One of the principles we discussed and worked on in Fundies was how to weight ourselves. One of the exercises we did on the first in-water day of Fundies was to test whether the weighting we had discussed in class really worked for each of us in the water to achieve the so-called "balanced rig." We did two tests in shallow water. First, with a full tank, the instructor had me descend to the bottom at something like 30 feet, dump all the air from my wing to simulate a total failure of the wing, and then see if I could swim up to the surface. The ability to "swim it up" if you have a total wing failure is one half of the balanced rig equation. If you can't swim it up, then you have too much non-ditchable weight, and you may need to make some of it ditchable. In fresh water, with a 5 mm wetsuit, steel backplate and aluminum 80 tank, and with 6 lbs. of lead in trim pockets on the upper cambands, I had no difficulty swimming it up. Next, with a nearly empty tank the instructor had me see if I could hover at safety stop depth. Unless you have enough weight, then even with the wing as empty as possible you will tend to float up. The ability to hold a safety stop is the other half of the balanced rig equation. Whatever your weighting, you also need to ensure the weight is distributed over your body in a way that you can comfortably swim "in trim," that is, horizontally, and not tipping forward or backward. As mentioned by others, weight pouches can help with that. But whether you need weight pouches and how much weight you will need are all things that will be discussed in class. Bring a couple of pouches.

This makes sense. I guess I am overly excited and jumping the gun a bit since I don't even have class scheduled yet. Will continue to read and learn.
 
RJP and Lorenzoid covered a lot of important points about weighting and the balanced rig, so I'll try not to repeat. I'm also answering your questions out of order but hopefully it makes sense. My wife and I have DSS steel plates with the weight plates, so the information below is based on that.

How about weight pouches and how would they work with a DIR BP/W rig?
These pouches worked great for us and are a lot cheaper than the ones with buckles and other quick release devices (which I don't think you really need) - XS Scuba Single Weight Pocket
You can move them around on your rig (waist strap, cam bands) or put them on a weight belt during your Fundies class to get your weighting dialed in. In our Fundies 1 class, we started with the weight plates off and used the pockets to figure out how much we needed and where. It turned out that both of us had enough weight on the cambands to justify using the weight plates.
These pockets are also what we use when we're traveling and we have 4 each to split between weight belts and cam bands.

I see posts where some backplates allow bolt on weights like DSS
this does not neem advisable for travel
For air travel, we take 2 of the pockets mentioned above in lieu of the bolt on plates and put them on our cam bands. It's not as nice as having the plates but the effect on trim is almost the same.

if you need to dump weight in an emergency.
As already mentioned, you don't need to dump all your weight in an emergency.
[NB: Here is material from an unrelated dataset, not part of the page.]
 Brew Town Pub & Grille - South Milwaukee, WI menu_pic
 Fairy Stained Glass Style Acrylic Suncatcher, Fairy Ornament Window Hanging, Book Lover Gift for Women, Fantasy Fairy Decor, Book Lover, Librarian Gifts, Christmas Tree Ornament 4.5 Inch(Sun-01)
If your total weighting is less than or really close to what the weight plate provides then they might not be the right way to go.

The weight plates are really nice to have IF you need that much weight AND you need that weight around chest level.
Example - In fresh water, having weight plates on makes my wife go feet up as she has less weight on her weight belt to act as a counter balance and trim her out properly. So, we remove the weight plates and put 4lb in her camband pockets. In saltwater, the amount of weight on her weight belt is higher and works really well with the plates bolted on.

Assuming you go with DSS, my recommendation would be to not buy the weight plates when you buy your rig. Do Fundies and figure out the weighting first. Along the lines of what VR78 said, you will most likely end up needing less than you think and the weight plates might not be the right solution for you.
Also note that the weight plates only work with the DSS steel plate. I'm not familiar with the water temps in AZ or what kind of wetsuit/drysuit you use but I think a steel plate will be the right choice for you, regardless.